Nach der vernichtenden Niederlage der Bitaner vor Daugazburg im Jahre 634 vGdU fand er Anerkennung als Hochkönig bei den Fürstentümern von Bitan, bei den Elfenreichen sowie mehreren unabhängigen Menschen- und Zwergengemeinden. Gulberts Wirken ist es zu verdanken, dass diese zunächst nur in Personalunion bestehende Allianz zu einem gemeinsamen Staat zusammenwuchs, in dem der angesehene Zauberer stets eine wichtige Rolle spielte und die meiste Zeit auch formell als Oberhaupt auftrat.

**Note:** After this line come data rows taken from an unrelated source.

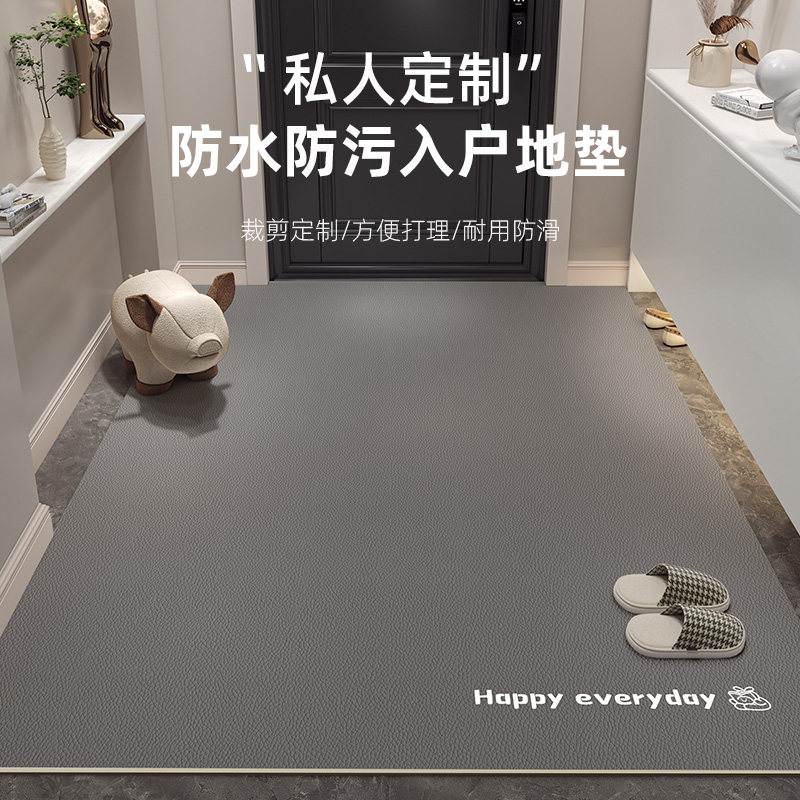 2025新款PVC免洗地垫!进门必入的高级感神器,耐脏可裁剪太香了!-入户地垫-淘宝好物网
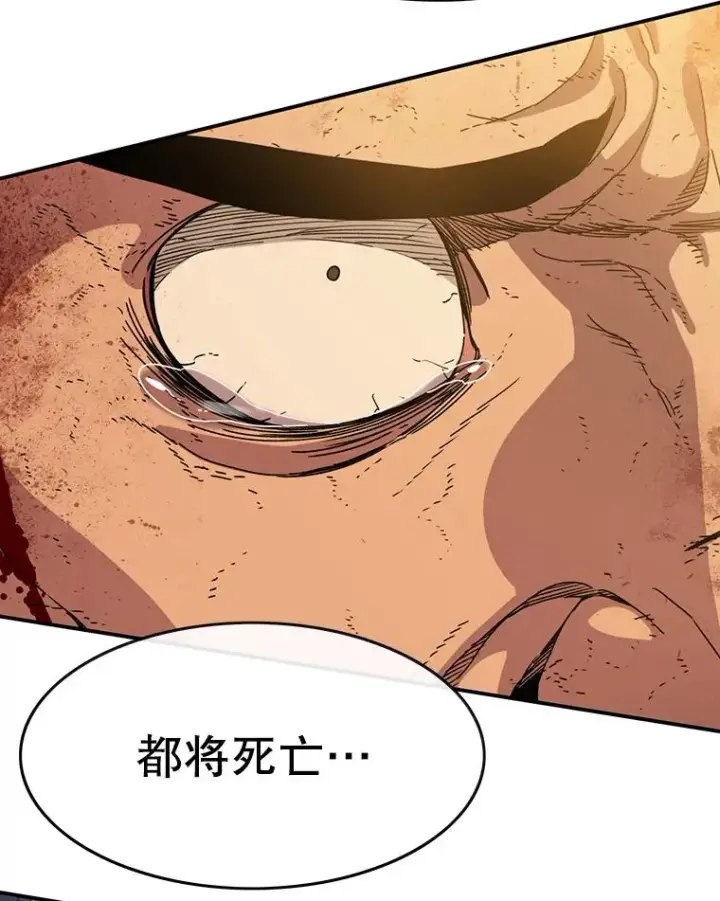 漫画《存在》7.我即天罚第178张图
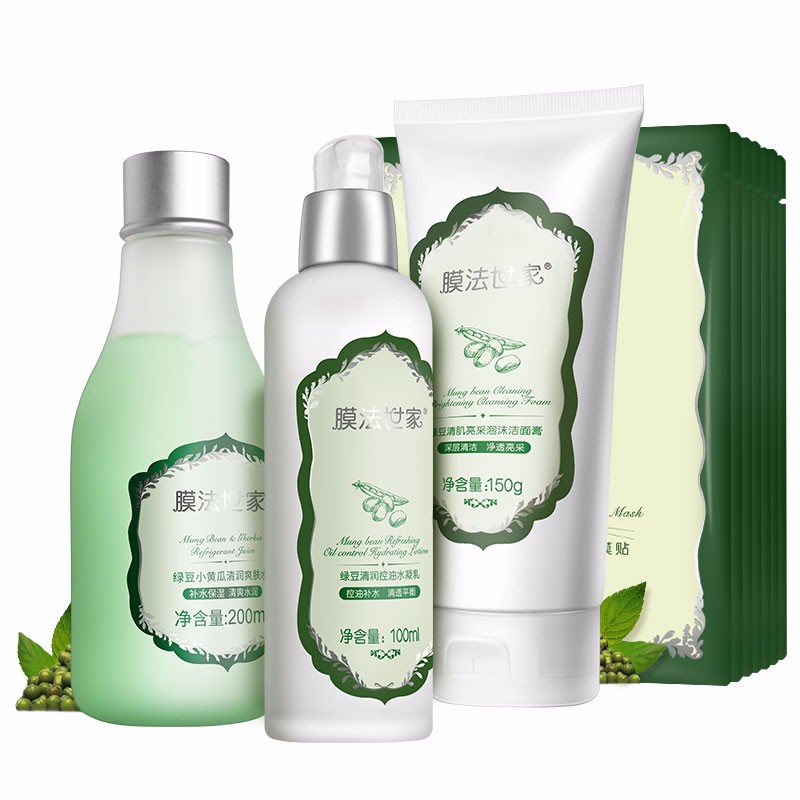 膜法世家 绿豆清洁控油护肤套装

Doch weder Gulbert noch der Staat, den er gründete, hatten das überwinden können, was sie überhaupt erst zusammengebracht hatte: den andauernden Krieg gegen die sogenannten Finstervölker. Als Gulbert sich am Tag der Scherben zum Handeln entschloss, dauerte dieser zermürbende und ergebnislose Konflikt bereits ungezählte Jahrhunderte an. Vor diesem Hintergrund ist vielleicht zu verstehen, weshalb er die Gelegenheit ergriff und versuchte, mittels der eben erst erfundenen Nukleonenbombe die Entscheidung zu erzwingen.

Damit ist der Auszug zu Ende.